■ **TASK DIRECTIONS**
Copy every line of the records below that holds the word "view".

────────────────

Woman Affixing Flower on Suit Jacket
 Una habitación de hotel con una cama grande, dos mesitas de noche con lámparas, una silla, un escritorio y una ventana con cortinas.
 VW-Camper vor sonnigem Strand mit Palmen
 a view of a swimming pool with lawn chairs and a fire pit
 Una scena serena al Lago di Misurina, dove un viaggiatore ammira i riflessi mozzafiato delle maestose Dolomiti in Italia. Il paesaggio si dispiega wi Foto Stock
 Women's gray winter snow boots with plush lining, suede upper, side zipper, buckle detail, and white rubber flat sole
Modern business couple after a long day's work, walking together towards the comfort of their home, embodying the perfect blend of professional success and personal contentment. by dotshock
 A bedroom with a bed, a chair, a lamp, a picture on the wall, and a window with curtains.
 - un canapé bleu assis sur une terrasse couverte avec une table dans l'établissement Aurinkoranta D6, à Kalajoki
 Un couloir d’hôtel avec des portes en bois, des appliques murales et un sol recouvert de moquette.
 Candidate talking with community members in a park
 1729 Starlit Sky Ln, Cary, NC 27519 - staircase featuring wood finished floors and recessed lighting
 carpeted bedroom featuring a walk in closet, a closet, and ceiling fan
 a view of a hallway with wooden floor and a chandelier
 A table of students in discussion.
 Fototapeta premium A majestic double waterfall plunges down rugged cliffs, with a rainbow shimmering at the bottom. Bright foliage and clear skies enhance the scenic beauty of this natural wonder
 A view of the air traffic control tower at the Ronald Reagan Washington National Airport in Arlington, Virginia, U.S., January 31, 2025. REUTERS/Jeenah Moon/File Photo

────────────────

■ **RESPONSE AREA**
 a view of a swimming pool with lawn chairs and a fire pit
 a view of a hallway with wooden floor and a chandelier
 A view of the air traffic control tower at the Ronald Reagan Washington National Airport in Arlington, Virginia, U.S., January 31, 2025. REUTERS/Jeenah Moon/File Photo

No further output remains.